Sanghani Center research takes new approach to analyze depression, anxiety from Reddit posts to provide better care, lower suicide rate
Suicide, the 10th leading cause of death for adults in the United States and the third leading cause of death among kids ages 10 to 14 and young adults ages 15 to 24, is often the result of an underlying mental health condition such as depression, anxiety, or bipolar disorder.
Motivated by a suicide mortality by state map released by the Centers for Disease Control and Prevention (CDC) on the increasing severity of mental health crisis — further exacerbated by the COVID-19 pandemic — three Ph.D. students and their advisor at the Sanghani Center for Artificial Intelligence and Data Analytics are analyzing social media in a way that can help social workers and other professionals better understand and tackle different aspects of mental health issues to help prevent suicide.
“Since social media platforms like Reddit are accessible, convenient, and anonymous, more users candidly express feelings about their own mental health issues,” said Shailik Sarkar, first author on “Predicting Depression and Anxiety on Reddit: a Multi-task Learning Approach.” Sarkar and his team garnered the Best Paper Award at the IEEE/ACM International Conference on Advances in Social Networks Analysis and Mining in November.
Sarkar’s collaborators are fellow students Abdulaziz Alhamadani and Lulwah AlKulaib, and Chang-Tien Lu, professor of computer science and associate director of the Sanghani Center.
Typically, research on the Reddit platform would employ the subreddit name, such as r/Anxiety, r/Depression, or r/SuicideWatch, to detect the type of the post and the nature of the mental health issues that correlate to the post.
But the multi-label classification data set designed by the Virginia Tech researchers does not overly rely on the subreddit topic chosen by the user because someone posting in the r/Anxiety subreddit could also be suffering from other mental health conditions such as depression, sleep disorder, or post-traumatic stress disorder.

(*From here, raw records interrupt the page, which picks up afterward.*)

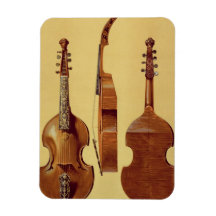 Viola d'Amore, 18th century, from 'Musical Instrum Magnet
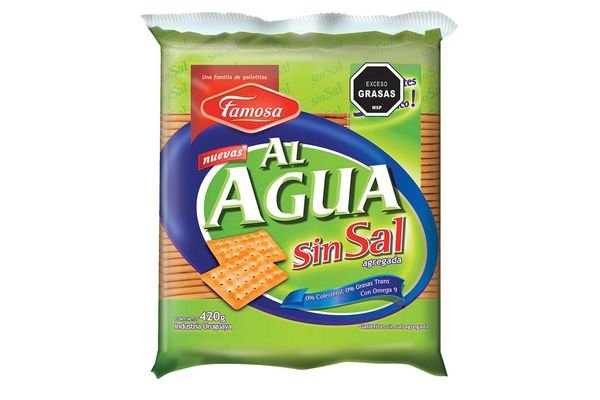 Galletas Al Agua Famosa Sin Sal X 3 Unid. 420 G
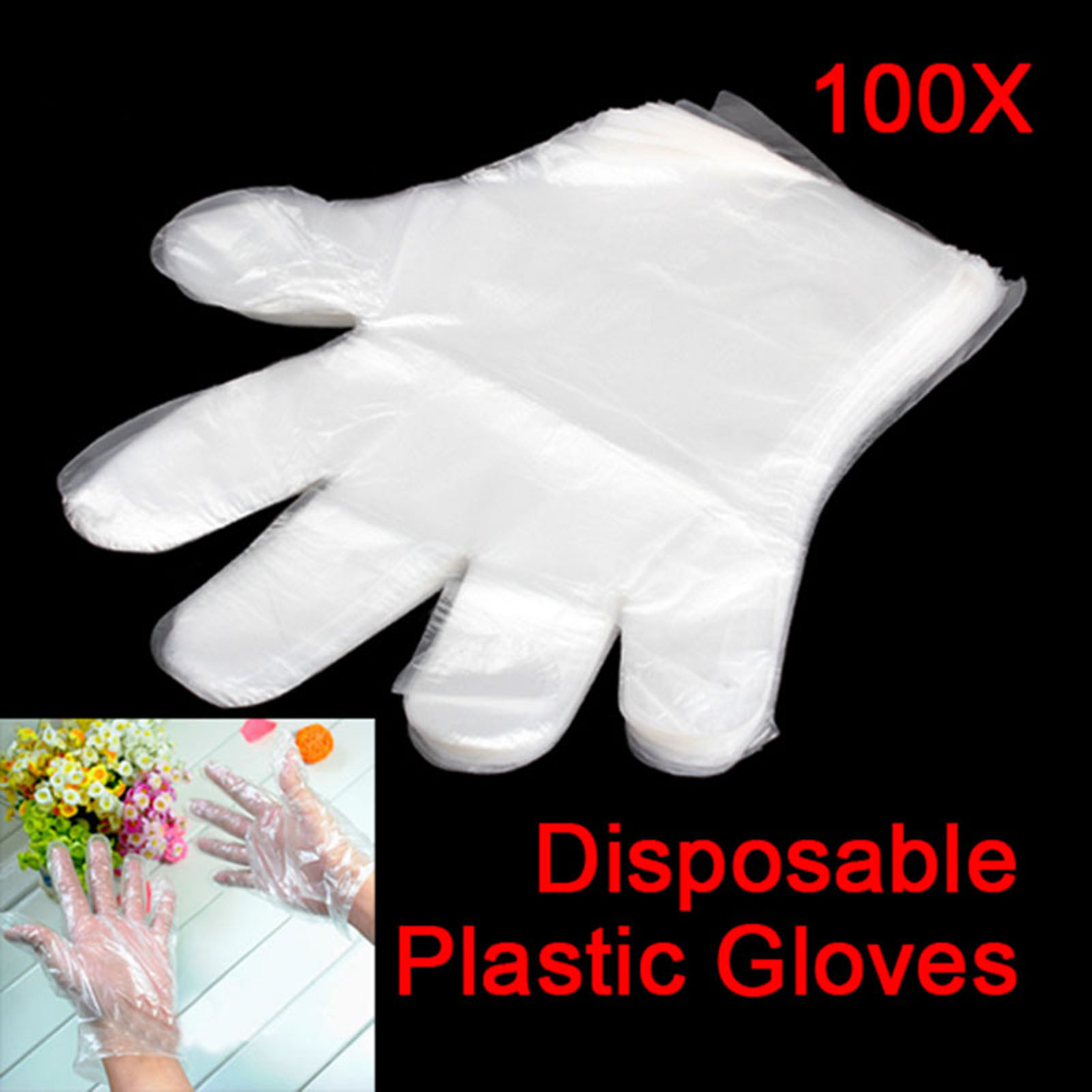 Wholesale 100pcs Plastic Dispo - مراجعة Disposable Gloves Nitrile وسعره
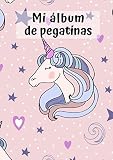  Mi álbum de pegatinas: Unicornio 4  30 Páginas  en Blanco  Sin Papel de Silicona  Idea de Regalo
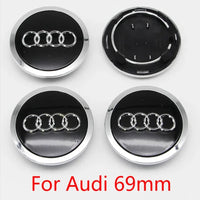 Cache-Moyeux Audi A3 A4 A6 Q5 Q7 60mm 77mm — vue en situation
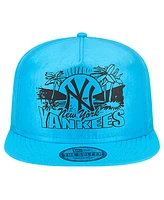 New Era Men's Blue New York Yankees Neon Golfer Snapback Hat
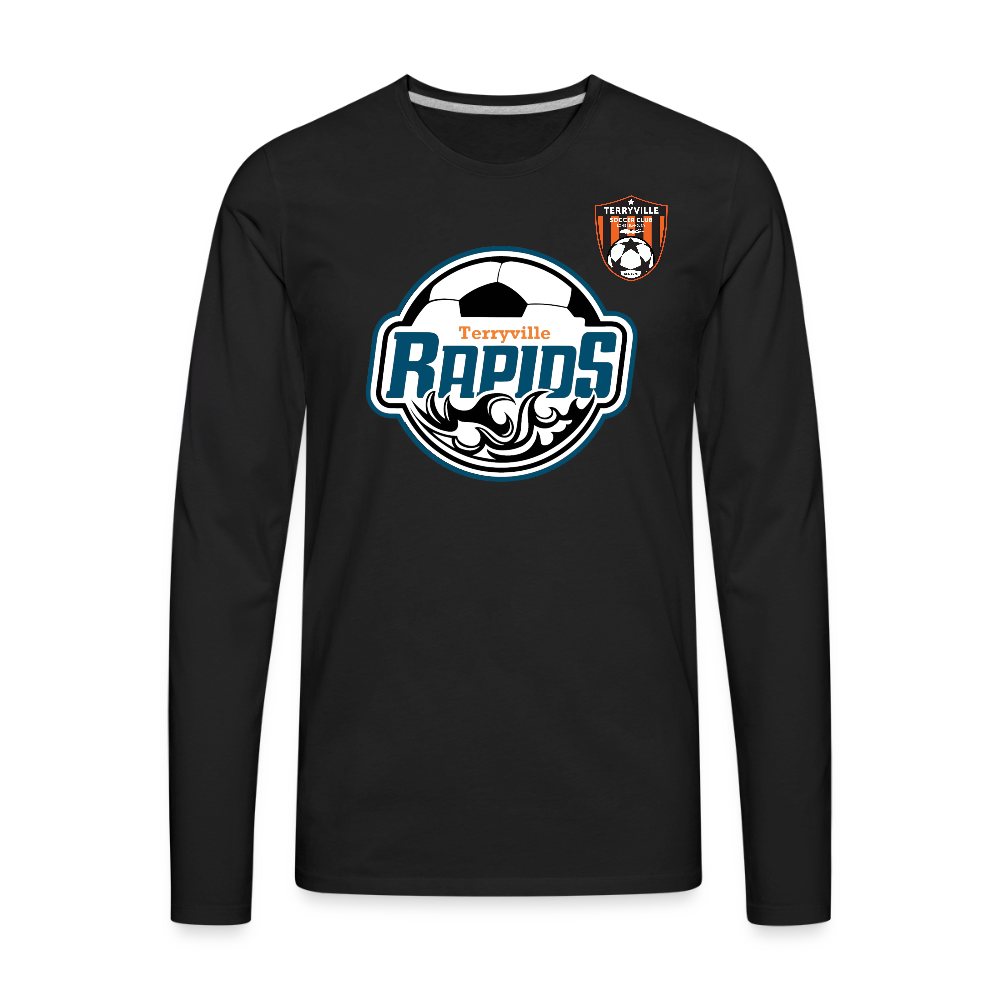 Men's Premium Long Sleeve T-Shirt - black
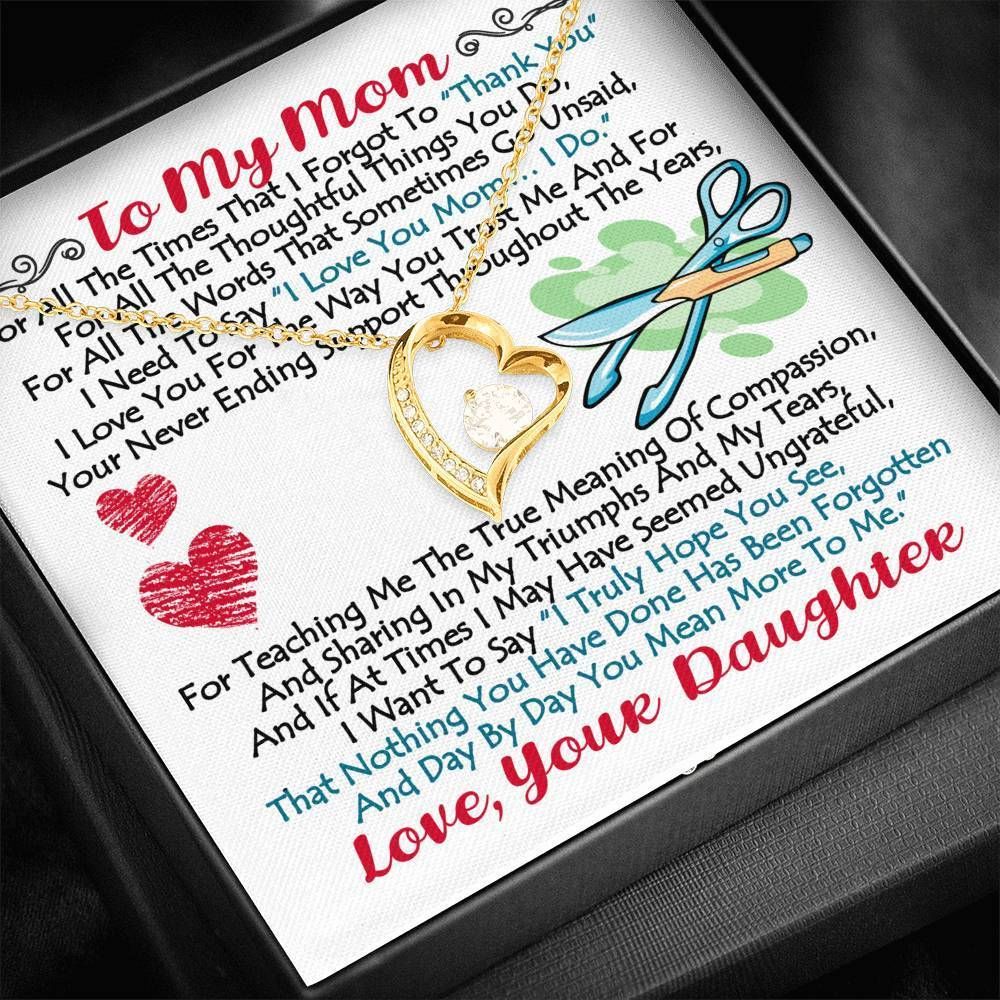 Gardener Daughter Gift For Mom Forever Love Necklace You Mean More To Me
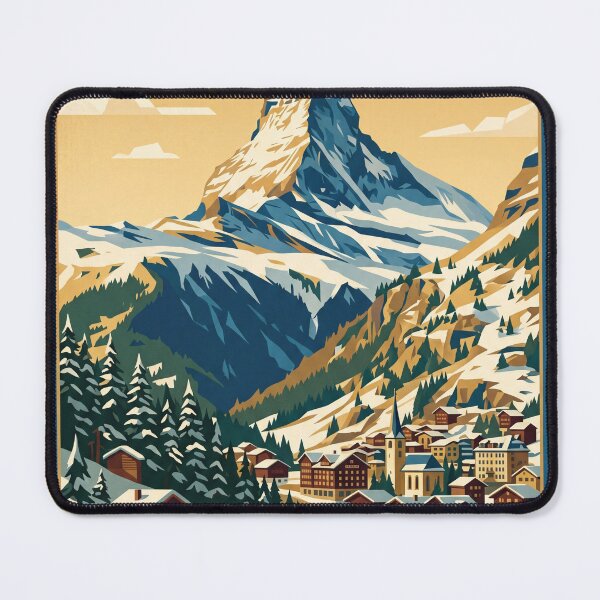 Item preview, Zermatt Switzerland Vintage Travel Poster designed and sold by Bomax121.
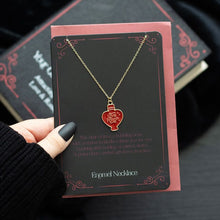 Load image into Gallery viewer, Love Potion Enamel Necklace Card
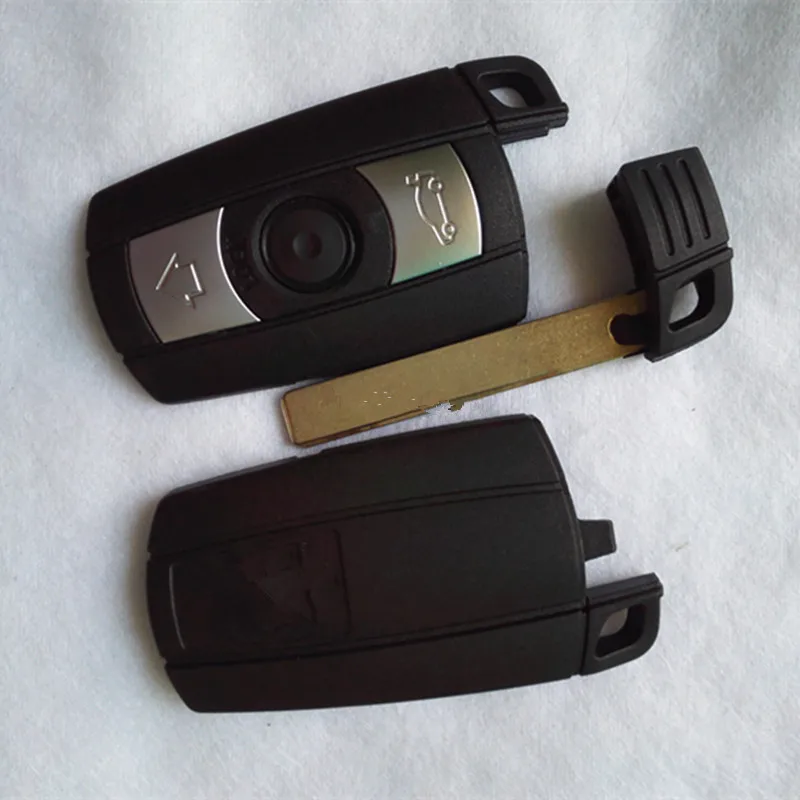 DAKATU 5PCS Custodia a conchiglia per chiave remota intelligente a 3 pulsanti per BMW Serie 1.3.5 X1.Z4 X5.X6 Custodia sostitutiva per chiave intelligente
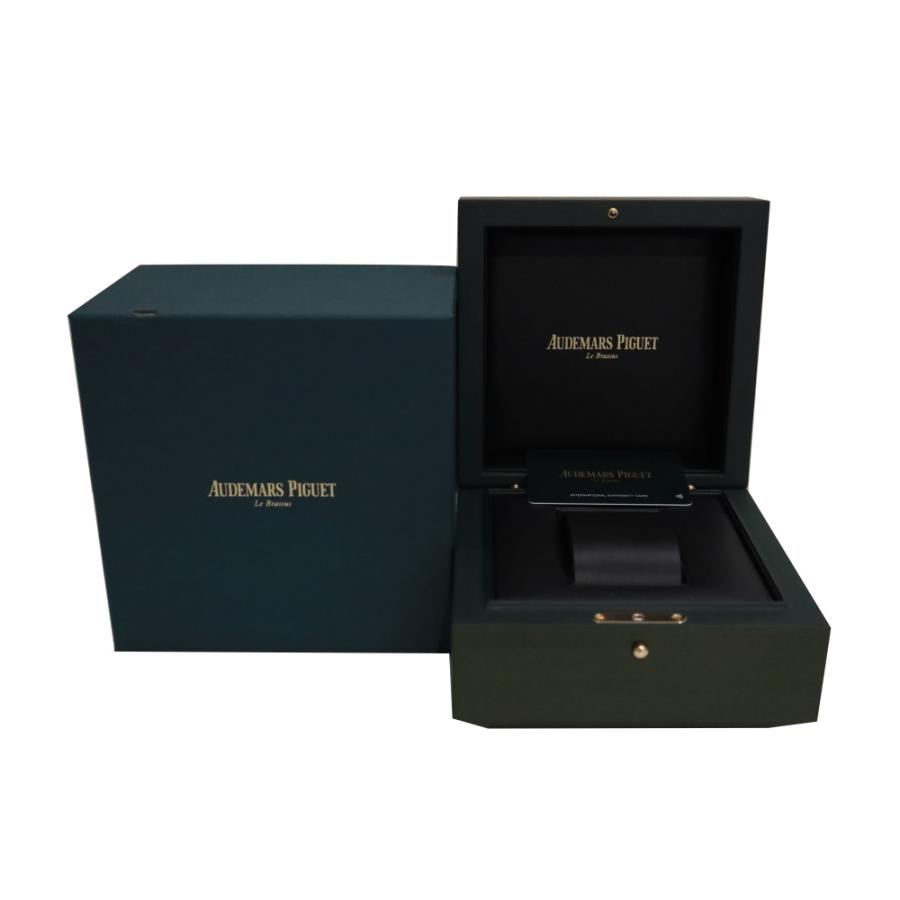 オーデマ・ピゲ AUDEMARS PIGUET ロイヤルオーク オートマティック 15551BC.ZZ.1356BC.01 スモークブルー文字盤 美品 腕時計 メンズ_7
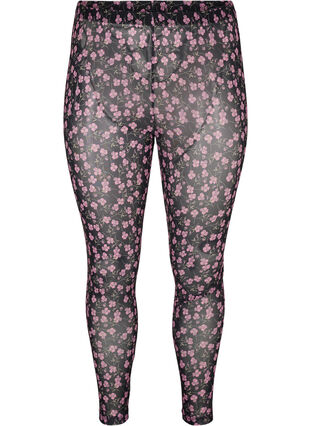 Mesh leggings in a stylish print, Flower AOP, Packshot image number 0
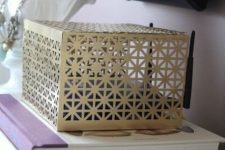 14 a laser cut metal box is a lovely idea to hide your wi-fi router and it looks nice, so it won’t spoil your interior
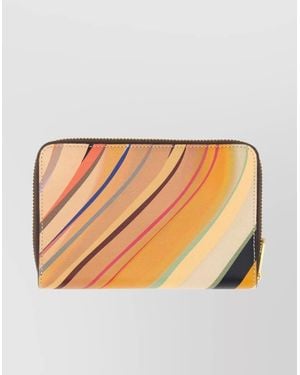 Paul Smith "Swirl Printed Design" Wallet - Orange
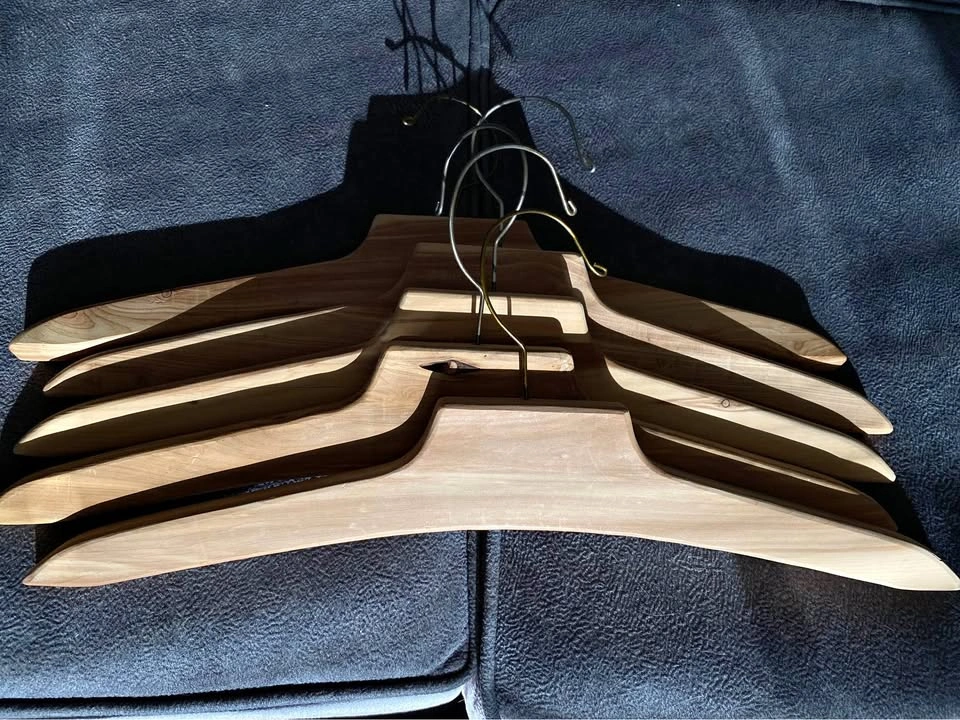 handmade cedar arch-style hangers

Their unique model has a task-specific feature that extracts the words and phrases used in a post and assigns them a score corresponding to each topic that applies. For example, words and phrases such as “meds,” “panic attacks,” “often,” “taking,” and “worrying” could suggest anxiety, while “struggling,” “therapist,” “don’t want,” “need,” and “anymore” could indicate depression.
“Reddit posts can be longer than other social media posts, especially when pertaining to mental health discussion, so there is a very good chance that the same post will fall into different categories,” said Sarkar. “Insights into the kind of language used by those suffering from anxiety, depression, and other mental illnesses can be of great benefit to social workers and mental health practitioners. A better understanding of those under their care may help prevent incidents of suicide.”
“Our research with Reddit — which always adheres to privacy and anonymity of users — demonstrates how the lack of unlabeled data or benchmark data set can be tackled by using active learning and can help inform other data scientists who are interested in human-centered computing or social media data mining,” said Lu.